In America, there has been a tradition of tiddlywinks in Washington D.C., Boston, Eastern Ohio, and Ithaca, New York. There was a renewal of winks in 2007 through the MIT Tiddlywinks Association. National competitions are well attended, with a group of enthusiastic young players joining the stock of veteran players who have proved themselves at the highest level in world competition.
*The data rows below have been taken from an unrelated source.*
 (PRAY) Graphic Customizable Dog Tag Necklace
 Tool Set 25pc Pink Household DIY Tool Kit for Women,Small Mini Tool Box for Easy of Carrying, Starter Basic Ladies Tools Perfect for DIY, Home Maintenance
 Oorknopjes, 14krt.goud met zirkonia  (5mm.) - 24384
In the US, the game had a firm footing in certain high schools, since the children of many of the players who took up the game in the late 1960s and early 1970s played when they were in high school. These players are now looking to revive university tiddlywinks in the United States.

On 1 March 2008, there was a Royal Match in Cambridge to commemorate the 50th anniversary of the original Royal Match played against The Goons in 1958 (see above). CUTwC players took on HRH Prince Philip's Royal Champions, the Savage Club, with members of the original 1958 CUTwC team in attendance. Cambridge repeated their victory from 1958 by winning the match 24–18.

Since 2000, the World Singles championship has been dominated by Patrick Barrie and Larry Kahn, with Barrie having won eight matches and Kahn seven (as of December 2025).